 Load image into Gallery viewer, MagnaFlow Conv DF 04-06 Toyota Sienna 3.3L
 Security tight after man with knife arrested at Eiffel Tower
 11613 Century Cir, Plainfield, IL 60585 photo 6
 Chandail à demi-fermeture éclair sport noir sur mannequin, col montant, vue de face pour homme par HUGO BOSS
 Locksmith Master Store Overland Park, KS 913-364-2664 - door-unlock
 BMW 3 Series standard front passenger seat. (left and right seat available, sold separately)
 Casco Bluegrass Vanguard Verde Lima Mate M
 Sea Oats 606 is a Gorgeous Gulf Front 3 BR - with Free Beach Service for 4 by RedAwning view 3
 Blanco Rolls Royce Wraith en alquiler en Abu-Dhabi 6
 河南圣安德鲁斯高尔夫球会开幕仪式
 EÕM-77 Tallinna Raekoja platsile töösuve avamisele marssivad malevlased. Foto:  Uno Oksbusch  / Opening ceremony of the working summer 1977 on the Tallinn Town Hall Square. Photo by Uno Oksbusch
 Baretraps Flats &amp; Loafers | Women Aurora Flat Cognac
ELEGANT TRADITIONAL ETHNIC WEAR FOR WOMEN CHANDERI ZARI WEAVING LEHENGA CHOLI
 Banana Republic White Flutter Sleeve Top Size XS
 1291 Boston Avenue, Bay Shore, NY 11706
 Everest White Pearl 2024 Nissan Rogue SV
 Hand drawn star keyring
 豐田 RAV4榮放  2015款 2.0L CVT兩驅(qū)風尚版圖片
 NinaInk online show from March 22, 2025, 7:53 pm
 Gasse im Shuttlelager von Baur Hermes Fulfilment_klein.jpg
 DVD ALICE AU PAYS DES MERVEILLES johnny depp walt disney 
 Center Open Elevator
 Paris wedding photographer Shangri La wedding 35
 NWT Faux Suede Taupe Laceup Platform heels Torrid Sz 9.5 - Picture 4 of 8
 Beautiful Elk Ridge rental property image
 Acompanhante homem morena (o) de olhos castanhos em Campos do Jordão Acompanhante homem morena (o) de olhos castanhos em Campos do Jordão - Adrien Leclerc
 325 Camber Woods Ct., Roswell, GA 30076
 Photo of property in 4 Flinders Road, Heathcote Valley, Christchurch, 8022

=== To do ===
Give the lines again, exactly as they stand, from the beginning of the data through the line with "Casco Bluegrass Vanguard Verde Lima Mate M".

=== Result ===
 Load image into Gallery viewer, MagnaFlow Conv DF 04-06 Toyota Sienna 3.3L
 Security tight after man with knife arrested at Eiffel Tower
 11613 Century Cir, Plainfield, IL 60585 photo 6
 Chandail à demi-fermeture éclair sport noir sur mannequin, col montant, vue de face pour homme par HUGO BOSS
 Locksmith Master Store Overland Park, KS 913-364-2664 - door-unlock
 BMW 3 Series standard front passenger seat. (left and right seat available, sold separately)
 Casco Bluegrass Vanguard Verde Lima Mate M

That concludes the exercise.